Su marcha está siendo un duro golpe para todos, por inesperada y por injusta. Duele pensar que ya no se encuentra entre nosotros cuando hace apenas unas semanas nos lo encontrábamos al pie del taller, donde tanto disfrutaba, ese lugar en el que las bordadoras hacen magia cada día y donde le pedí que me ayudara cuando fui elegido presidente, encargo que él asumió con humildad y sentido del deber azul, como cada vez que le he solicitado su consejo y su sinceridad tan necesaria en estos tiempos. Pensar que no compartiremos mesa para arreglar el mundo, hablar de proyectos azules, del campo y de las lluvias, simplemente escucharlo fardar de las victorias de su Barça entre calada y calada a su eterno puro. Parece como si en cualquier momento fuera a sonar de nuevo su voz, su broma socarrona, su consejo o quizá su bronca por algo que no hubiera salido del todo bien, que también las había, porque esto, el Paso Azul, era lo que más le importaba, después de su familia, claro está, de sus hijos, María Cinta, Juan Carlos, Ignacio, Pablo, sus nietos, sus hermanos y sobrinos.

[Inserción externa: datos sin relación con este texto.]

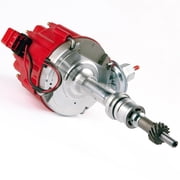Compatible Ignition HEI Red Cap Distributor with 65K Volt Coil 1030213 PE330U for SBF Ford Small Block 260 289 302
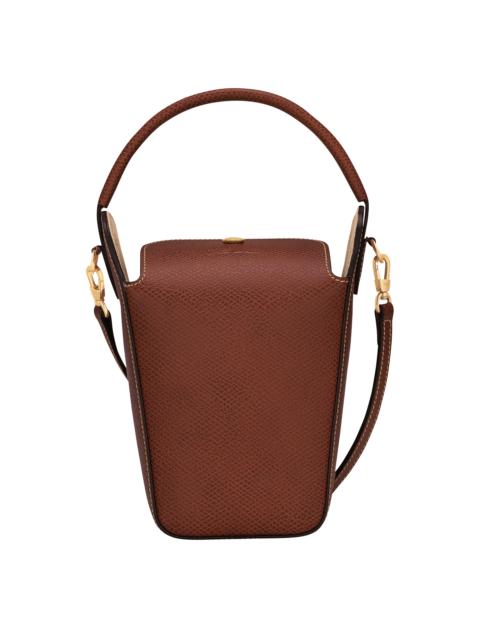 Longchamp Épure Pop corn bag Brown - Leather
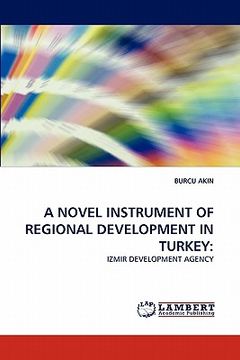 portada a novel instrument of regional development in turkey (en Inglés)
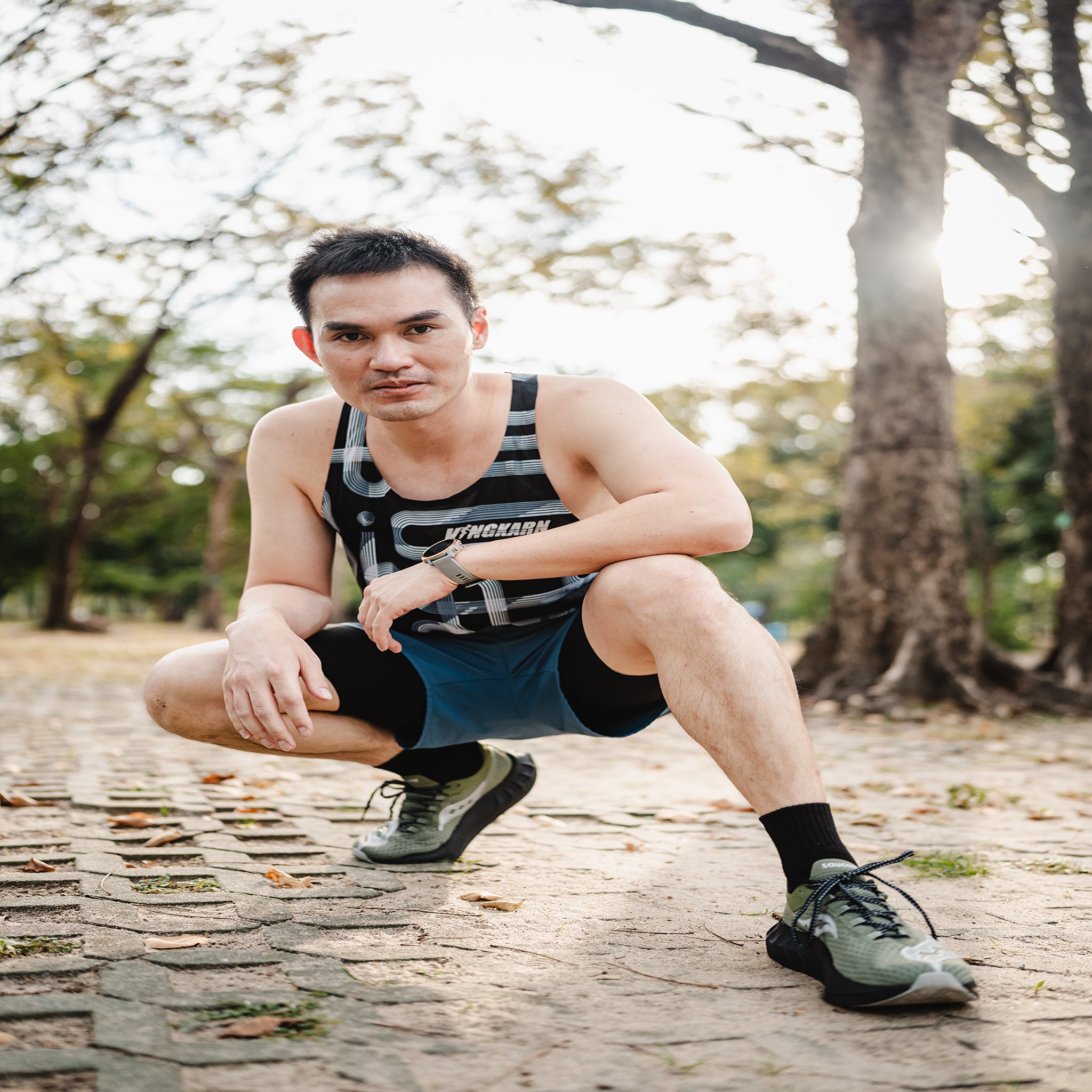 Singlet running shirt black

Siempre es triste la muerte, pero más todavía lo es cuando quien se marcha lo hace, como él, demasiado pronto, lúcido, activo, con tantas cosas por hacer y mucho más joven de lo que indicaban los 70 años que cumplió hace poco. Nada será igual sin Juan Carlos, desgraciadamente. Pero nos quedan sus enseñanzas, de las que presumiremos, y su ejemplo, que nos inspira y que es su mayor legado. Y también el consuelo de que está ya en un lugar mejor, bajo el manto de la Santísima Virgen de los Dolores, y reunido al fin, de nuevo y para toda la eternidad, con su querida María Cinta. Allá arriba, eso es seguro, estará en la boca de la carrera organizando una nueva procesión, metiendo caballos y llamando a los enganches para que entren en el tubo, porque esa era su pasión y porque por algo ha sido y será por siempre el mejor mayordomo azul.

Descansa en Paz, Presidente, amigo.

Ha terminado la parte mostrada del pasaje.